Başlık, sizlere nesiller çatışmasından söz edeceğim izlenimi vermiş olabilir; ancak bu yazının amacı nesiller çatışmasından söz etmek değil.
S. N. Kramer'in "Tarih Sümer'de Başlar"1 adlı eşsiz çalışmasında okumuştum, bir Sümer tabletinde baba oğluna diyor ki:
" Bütün hayatımda sana asla kamış taşıtmadım. Sana asla kervanımla git, demedim. Seni asla bir işçi gibi çalışmaya göndermedim. Seni saman taşımaya, öküz yaymaya göndermedim.

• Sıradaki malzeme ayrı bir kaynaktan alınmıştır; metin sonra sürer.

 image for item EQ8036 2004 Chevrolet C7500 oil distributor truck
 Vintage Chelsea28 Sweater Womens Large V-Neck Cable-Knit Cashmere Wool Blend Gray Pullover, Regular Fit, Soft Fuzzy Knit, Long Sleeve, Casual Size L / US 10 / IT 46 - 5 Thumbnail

Neden tabletlerini yazmıyorsun?"
Bu sesi duyar gibiyim; sizler de tanıyorsunuz, babalarımız, annelerimiz bizleri bunlara benzer sözlerle az mı azarladı! Ancak bu sözlerin art alanında kuşaklar çatışması vardır. Oysa bu yazıda, Bakanlık Müfettişi sayın Doğan Ceylan'ın soruşturduğu bir olayla ilgili raporunda açık ifadesini bulan duygusuz bir neslin yetişmekte olduğu gerçeğinden söz edilecektir.
Uzun rapordan birkaç cümle alıyorum:
" Çocuklar hayattan bihaberler. Açlık nedir bilmiyorlar. Yedikleri önlerinde yemedikleri arkalarında. Acıkmalarına fırsat bile vermiyoruz.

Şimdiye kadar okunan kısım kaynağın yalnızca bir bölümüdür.